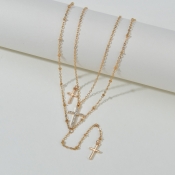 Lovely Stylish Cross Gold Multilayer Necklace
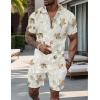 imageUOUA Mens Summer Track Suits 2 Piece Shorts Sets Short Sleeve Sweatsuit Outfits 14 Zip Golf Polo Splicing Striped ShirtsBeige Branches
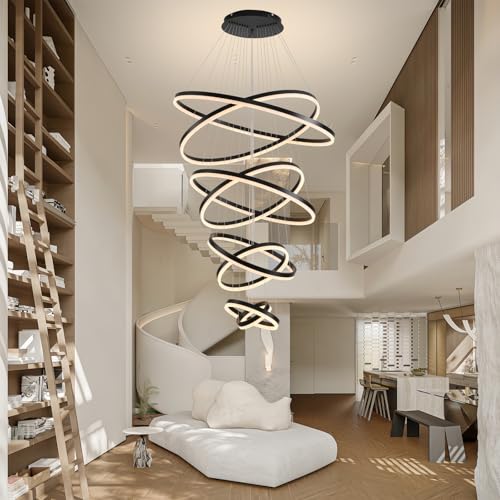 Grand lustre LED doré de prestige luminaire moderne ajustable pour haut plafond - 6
────────────────
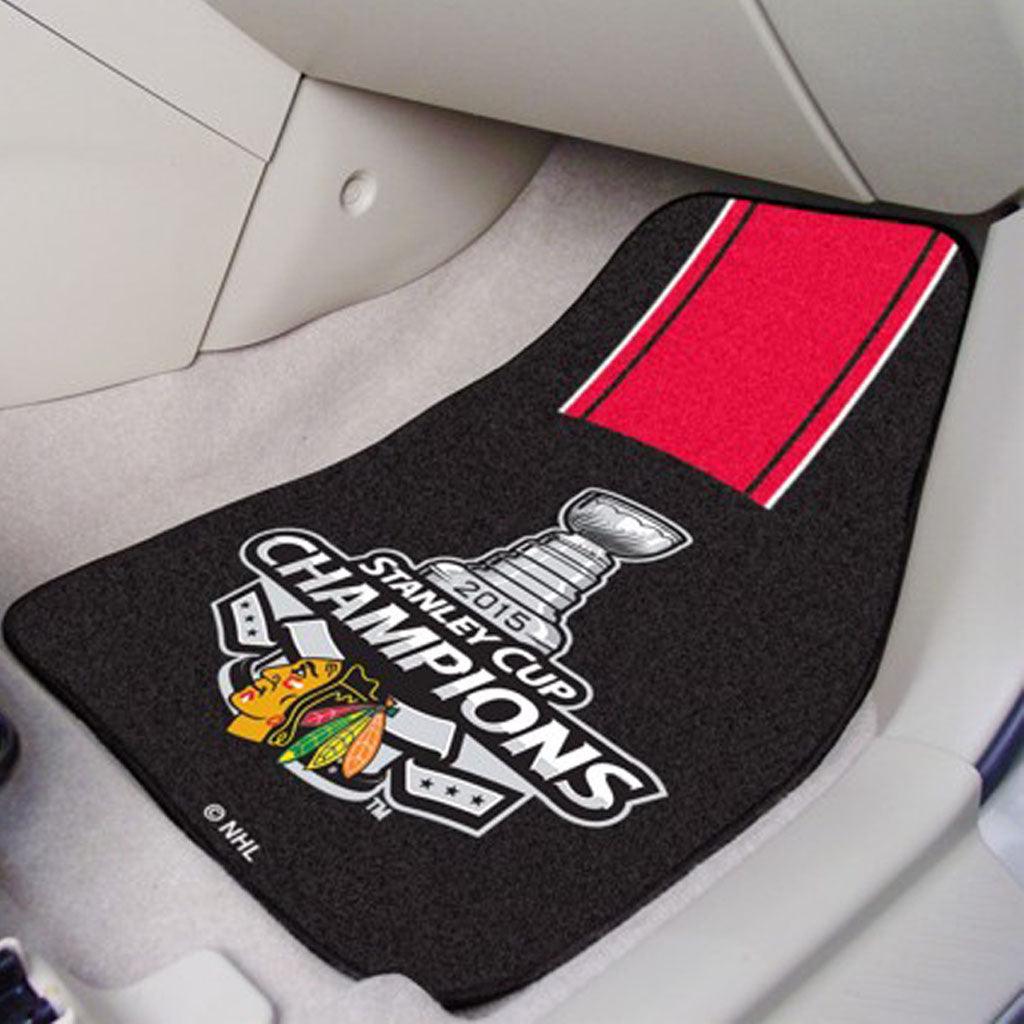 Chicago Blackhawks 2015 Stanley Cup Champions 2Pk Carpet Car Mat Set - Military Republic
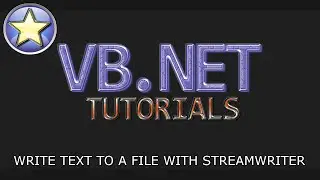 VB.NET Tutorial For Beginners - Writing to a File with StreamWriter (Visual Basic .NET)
────────────────
Write out exactly the run of lines above that starts at the line containing "Chicago Blackhawks 2015" and ends at the line containing "VB.NET Tutorial For". Include both, and leave the pictures out.

(Finished task):
 Chicago Blackhawks 2015 Stanley Cup Champions 2Pk Carpet Car Mat Set - Military Republic
 VB.NET Tutorial For Beginners - Writing to a File with StreamWriter (Visual Basic .NET)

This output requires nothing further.